» **Data section**

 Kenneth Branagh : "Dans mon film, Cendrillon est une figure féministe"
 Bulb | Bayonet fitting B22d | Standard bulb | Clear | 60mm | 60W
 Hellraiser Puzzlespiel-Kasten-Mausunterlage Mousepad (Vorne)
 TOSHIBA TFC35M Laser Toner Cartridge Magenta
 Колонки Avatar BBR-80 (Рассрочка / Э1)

---

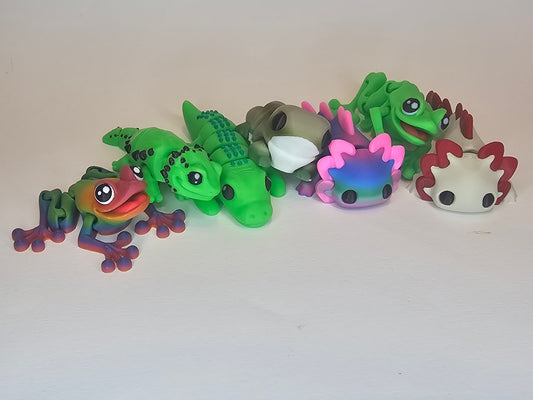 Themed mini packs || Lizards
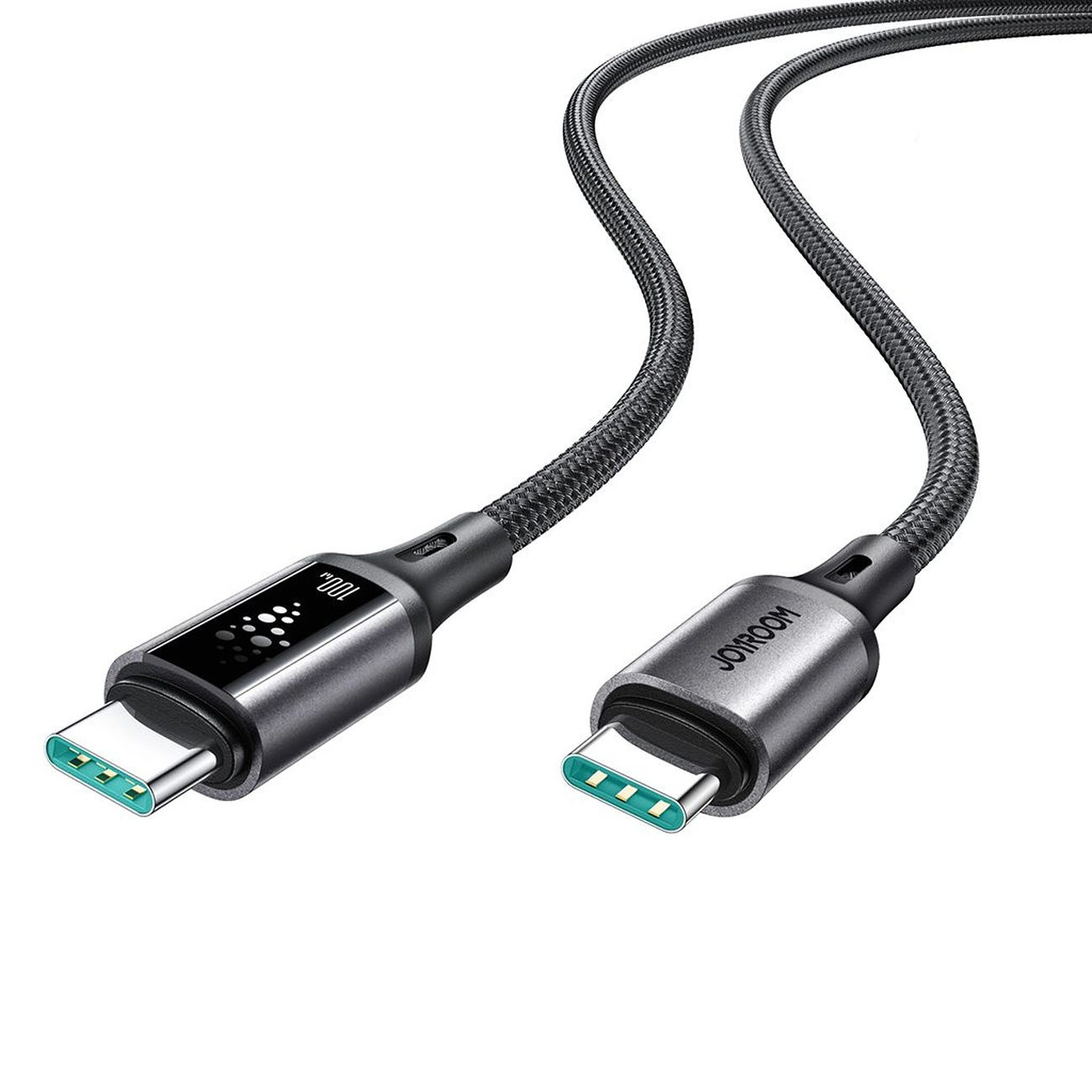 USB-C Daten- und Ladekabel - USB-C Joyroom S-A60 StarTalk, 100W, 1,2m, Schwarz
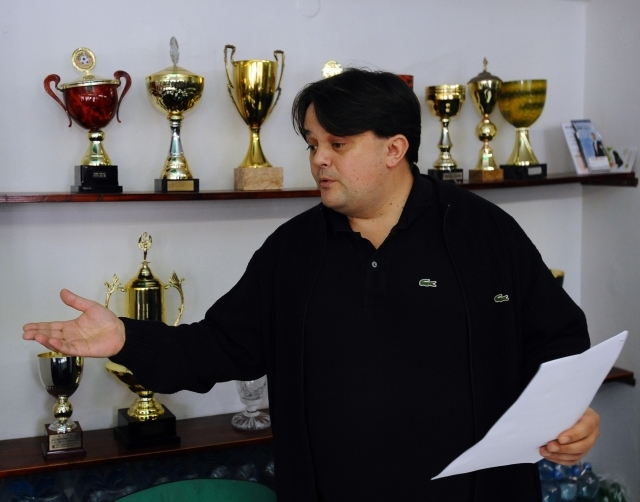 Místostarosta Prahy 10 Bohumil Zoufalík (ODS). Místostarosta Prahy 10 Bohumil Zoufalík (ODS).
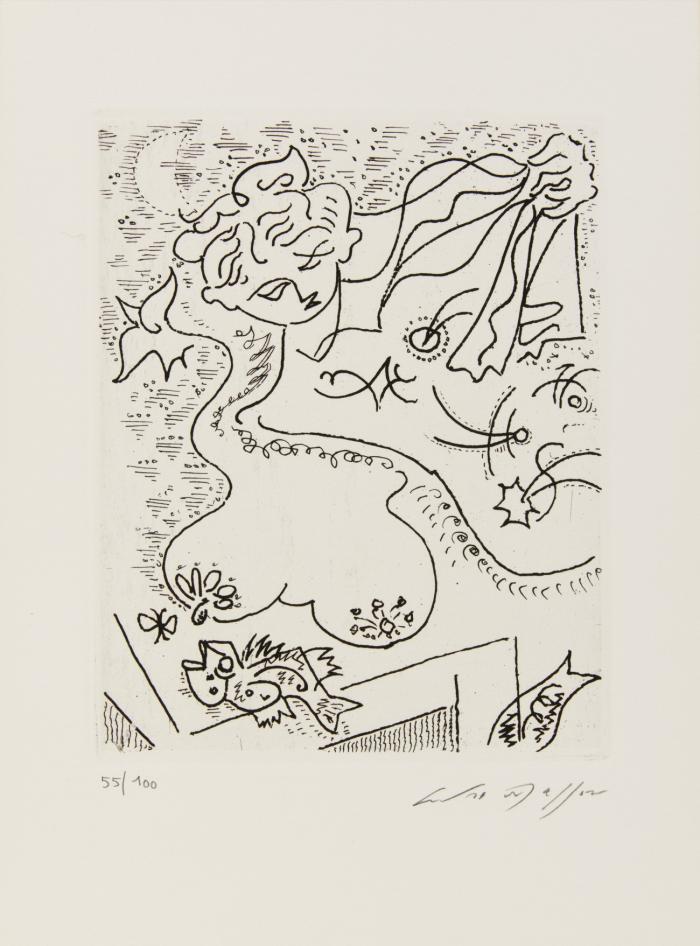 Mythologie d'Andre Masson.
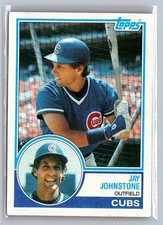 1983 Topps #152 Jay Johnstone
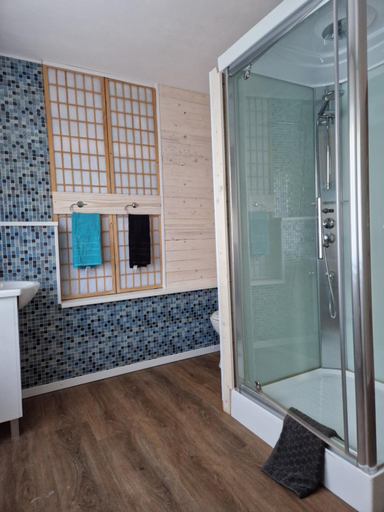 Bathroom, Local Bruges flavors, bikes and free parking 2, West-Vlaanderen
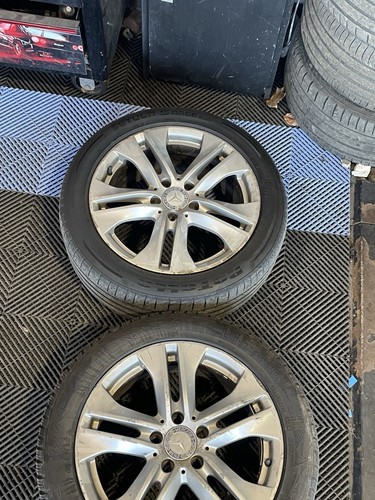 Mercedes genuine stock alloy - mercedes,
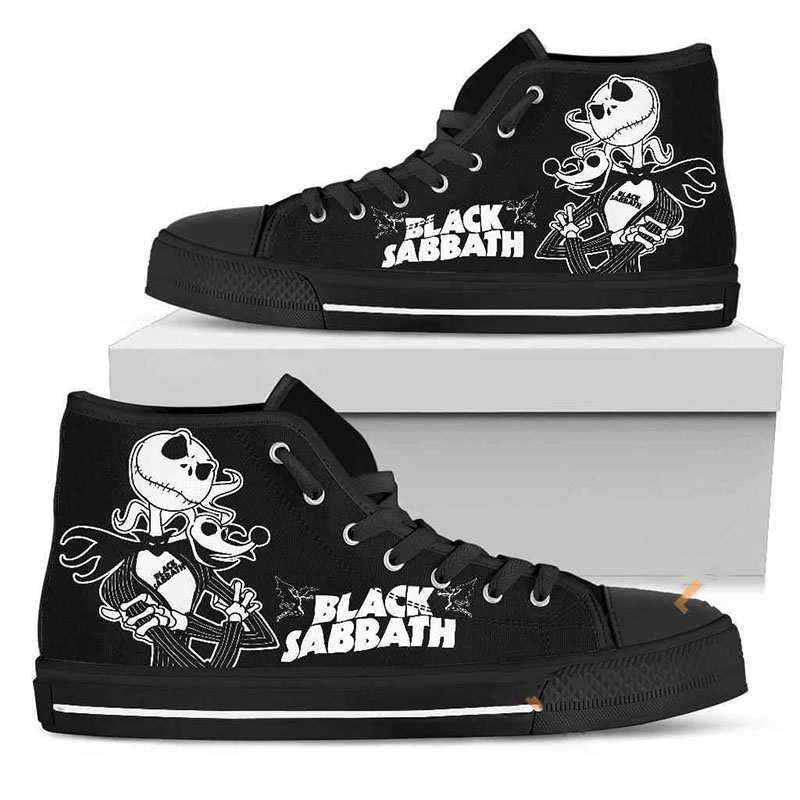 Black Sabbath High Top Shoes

---

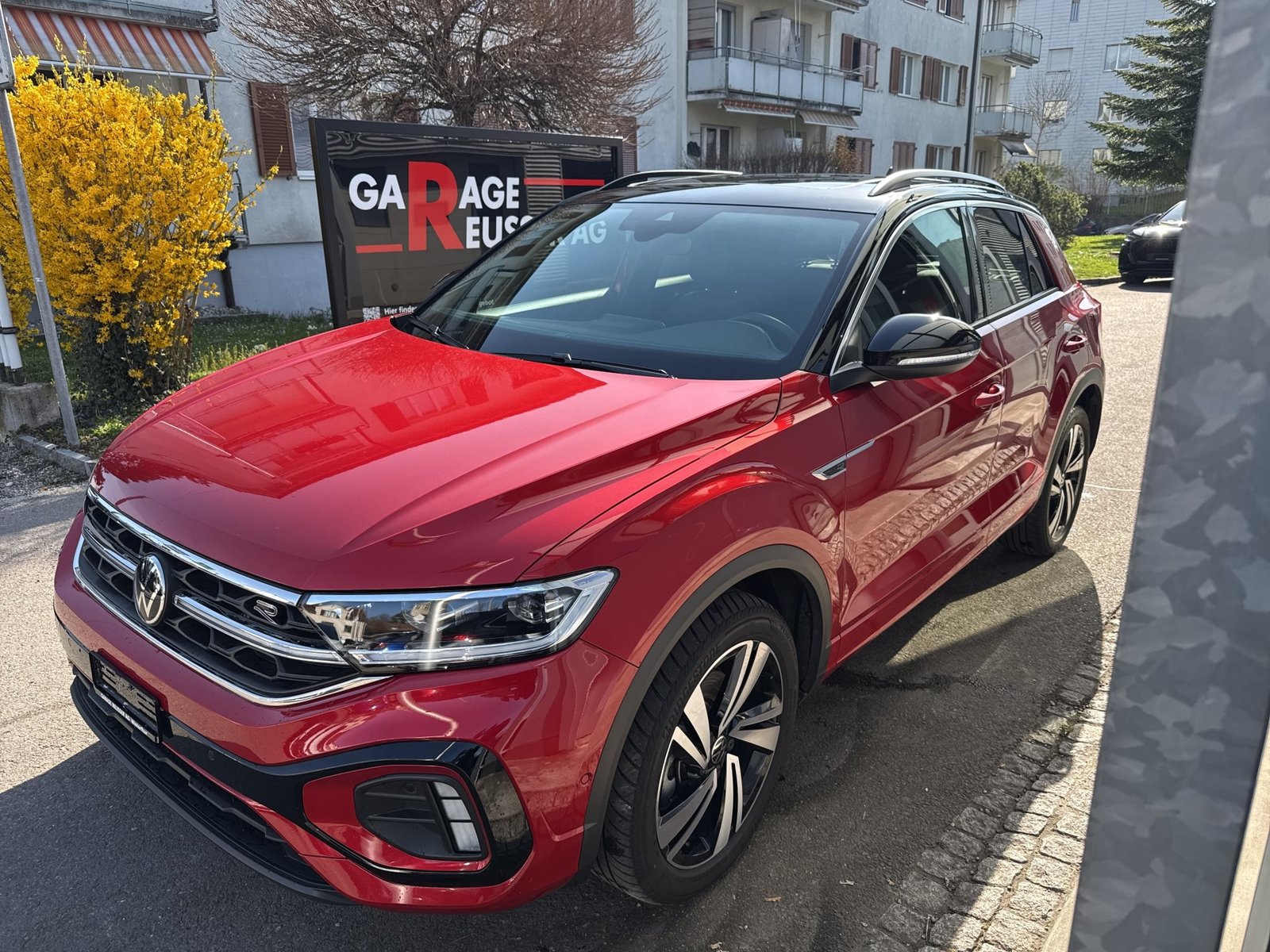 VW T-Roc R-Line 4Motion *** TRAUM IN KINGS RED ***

» **Task directions**
Reproduce only the lines above, starting at the line with "mon film, Cendrillon" and ending at the line with "Колонки Avatar BBR-80 (Рассрочка / Э1)", exactly as written.

» **Reply**
 Kenneth Branagh : "Dans mon film, Cendrillon est une figure féministe"
 Bulb | Bayonet fitting B22d | Standard bulb | Clear | 60mm | 60W
 Hellraiser Puzzlespiel-Kasten-Mausunterlage Mousepad (Vorne)
 TOSHIBA TFC35M Laser Toner Cartridge Magenta
 Колонки Avatar BBR-80 (Рассрочка / Э1)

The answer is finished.